Panel I - Innovative Process and its modalities
Paper N1.1 - Transformation of the old process: ethylbenzene
to styrene with CO2 dilution
Min Che Chon, Chon International Company, Ltd. Republic of
Korea
Abtsract: This invention originated from the idea of utilization
of carbon dioxide, a representative global warming gas, as the soft
oxidant in oxidative catalysis. Before starting this research, most
studies on catalytic conversion of CO2 have been concentrated
on the utilization as a carbon source through catalytic reduction
processes with hydrogen, but this approach was found to be economically
non feasible unless more efficient process for H2 production
is developed. So, the present inventors paid attention to another
possibility to utilize oxygen atoms of a carbon dioxide molecule
for not only the oxidant to abstract hydrogen atom in dehydrogenation
of hydrocarbons but also an oxygen transfer agent in partial oxidation
of hydrocarbons. The C-H bond dissociation through the hydrogen
abstraction with oxygen species is generally accepted to be the
rate-determining step in dehydrogenation of hydrocarbons. To date,
styrene has been mainly produced by the EB dehydrogenation using
potassium-promoted iron oxide catalysts with a large excess of superheated
steam. It is one of the ten most important industrial processes.
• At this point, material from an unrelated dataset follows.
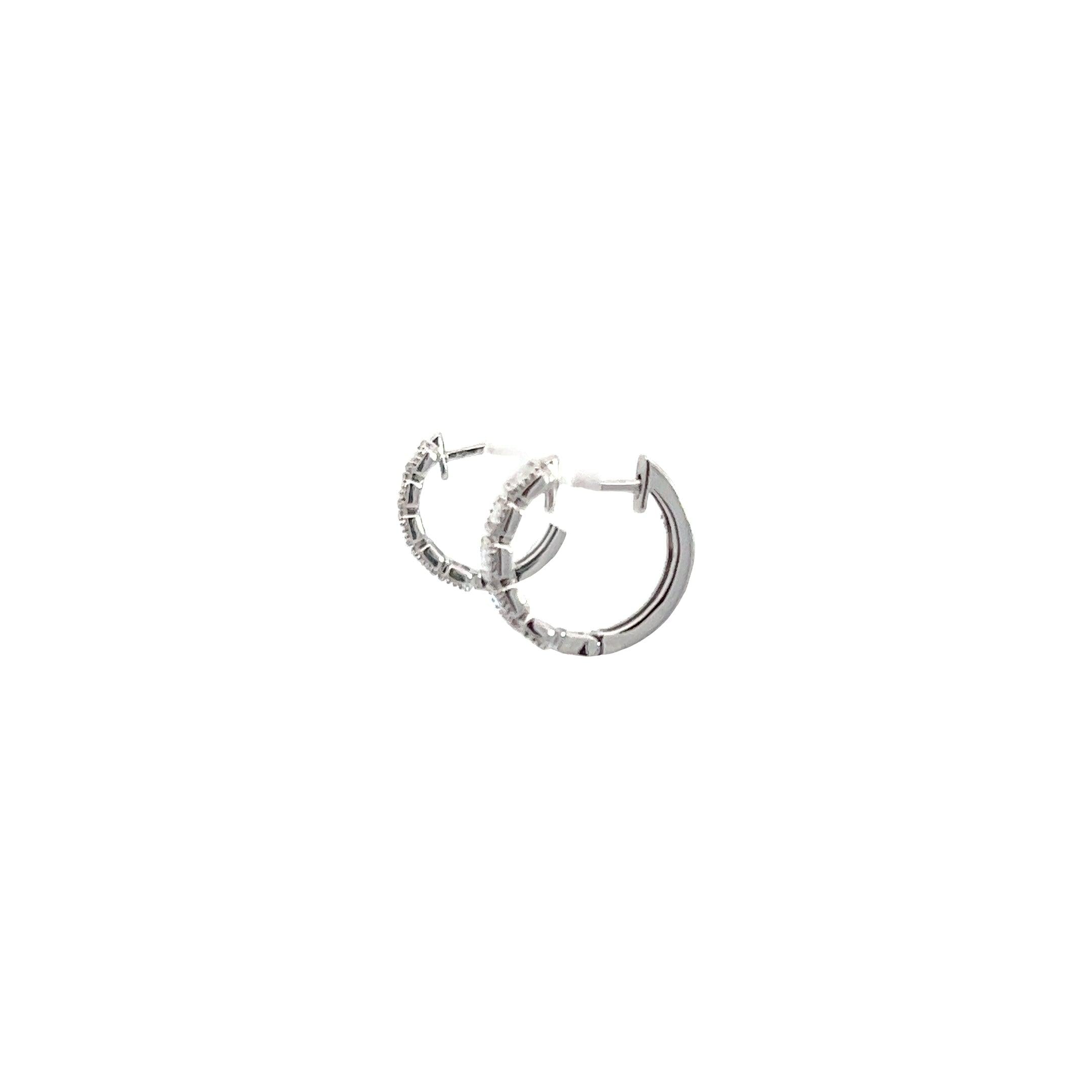 HEO340W $12,990.00 1120E18 TAL D DIAMAOND TE MUGGIEHE0240W $12,990.00 14KW 1.20CTW EMERALD DIAMOND 5-STONE HUGGIE HOOP EARRINGS MILLGRAIN BORDER aG:a0__2024-04-11-13-16-12-2.jpg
This reaction is generally carried out in vapor phase at 600 - 650oC
under steam, so that this commercial process using expensive steam
consumes a large amount of latent heat of steam upon condensation
at a liquid-gas separator following a reactor. Moreover, it is thermodynamically
limited besides energy consuming. Use of traditional oxidant, oxygen
is able to allow the overcome of the thermodynamic limitation, but
a process with direct use of oxygen for oxidative dehydrogenation
is not been realized yet because of a significant loss of styrene
selectivity by the production of carbon oxides and oxygenates. Judging
from such reasons described above and characteristics of carbon
dioxide, the utilization of CO2 as the soft oxidant can offer
many beneficial advantages in styrene production.
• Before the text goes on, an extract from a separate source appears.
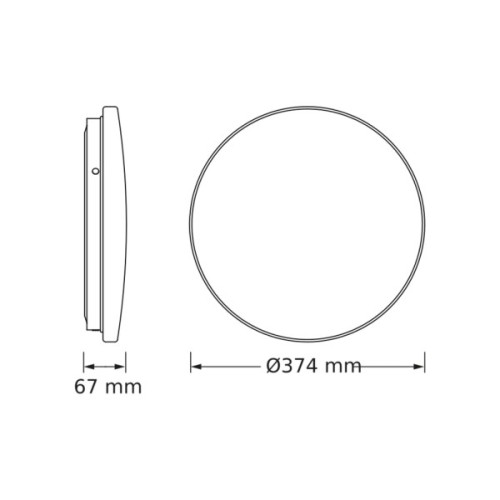 Світильник Osram CEILING ROUND 24W 840 IP20 (4099854647741)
Based on these ideas, researchers of KRICT (Korea Research Institute
of Chemical Technology) developed a novel process for dehydrogenation
of ethylbenzene to produce styrene using carbon dioxide as soft
oxidant, so-called KRICT-DECSO process. In addition to the above
advantages, it is advantageous in the KRICT-DECSO process that very
cheap carbon dioxide thus obtained from by-product of petrochemical
oxidation or reforming process is utilized without further purification
instead of using expensive steam dilution agent. The dehydrogenation
catalyst employed comprises oxygen-deficient iron oxide and many
promoters with transition metal oxides.
The KRICT-DECSO process is under verification through pilot-scale
work so that process and engineering data necessary for the industrial
application should be further collected. On-site mini-pilot plant
is operating at Samsung General Chemicals Co., Ltd. (SGC). The scale
of the pilot plant is 100kg of styrene monomer per day.
The project to develop and establish the KRICT-DECSO process was
performed for the Greenhouse Gas Research Center, one of the Critical
Technology-21 Programs, funded by the Ministry of Science and Technology
(MOST) of Korea. A Korean small company has participated in this
research as a partial financial sponsor, which has a plan to take
a property for catalyst production of this process. And SGC has
joined the project as a cooperating company and recently constructed
pilot-scale demonstration unit in the Daesan Petrochemical Complex
and is still testing catalyst performance for this process. Development
of preparation method and scale-up technology of the commercial-type
dehydrogenation catalyst to be sufficiently stable for the industrial
application would be a key for the success of the process.
In spite of many beneficial roles of steam as dilution agent the
main problems in the present ethylbenzene dehydrogenation process
are confronted with thermodynamic limitation of the process and
the use of steam. However, it is demonstrated that a decrease by
up to 50oC in reaction temperature
through equilibrium alleviation could be accomplished using CO2
as the oxidant. And considering energy saving effects due to a drop
of reaction temperature and replacement of steam with CO2,
it estimated by process simulation that the energy consumption required
for the EB dehydrogenation using carbon dioxide would be much lower
than that for the currently operating process using steam. Now,
the KRICT inventors are trying to verify such beneficial effects
in mini-pilot plant work at petrochemical complexes.